**YOUR ASSIGNMENT:** Everything in the records must be reproduced exactly, except for the pictures.

[[ SUPPLIED DATA, beginning ]]

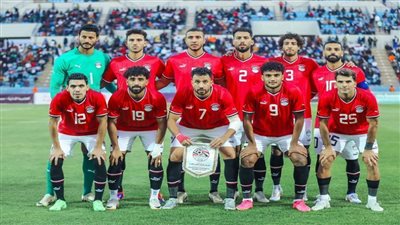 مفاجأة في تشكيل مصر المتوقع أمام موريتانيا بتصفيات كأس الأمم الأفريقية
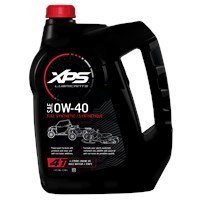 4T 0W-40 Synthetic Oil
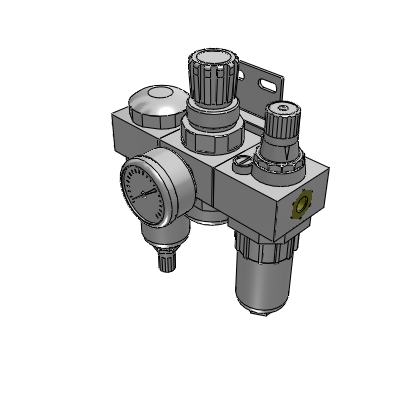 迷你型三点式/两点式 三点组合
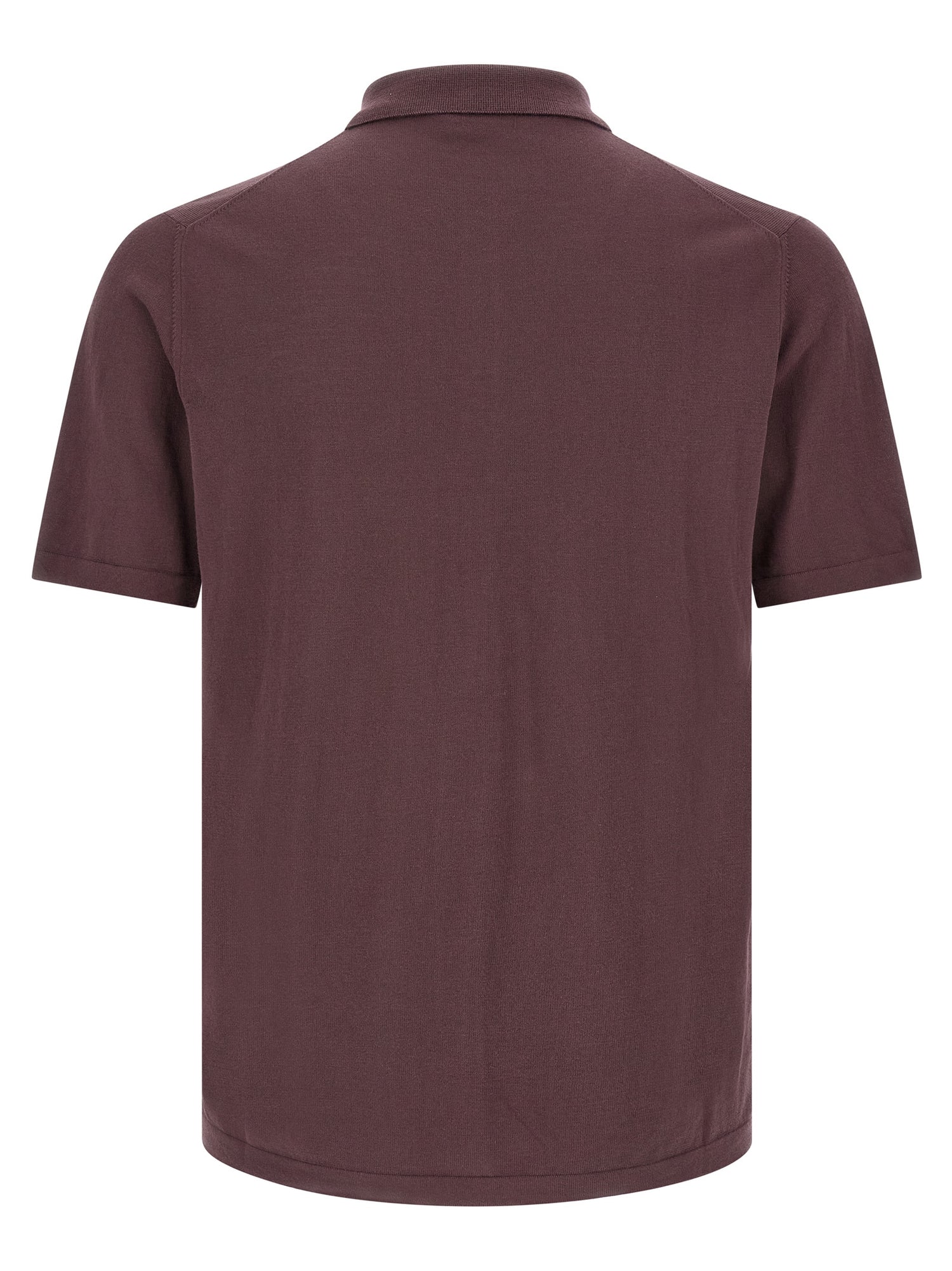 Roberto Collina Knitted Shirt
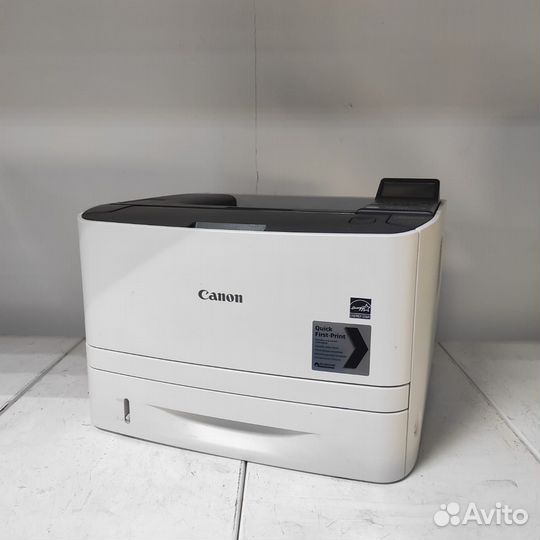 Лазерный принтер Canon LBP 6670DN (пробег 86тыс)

[[ SUPPLIED DATA, end ]]

**ANSWER:**
 مفاجأة في تشكيل مصر المتوقع أمام موريتانيا بتصفيات كأس الأمم الأفريقية
 4T 0W-40 Synthetic Oil
 迷你型三点式/两点式 三点组合
 Roberto Collina Knitted Shirt
 Лазерный принтер Canon LBP 6670DN (пробег 86тыс)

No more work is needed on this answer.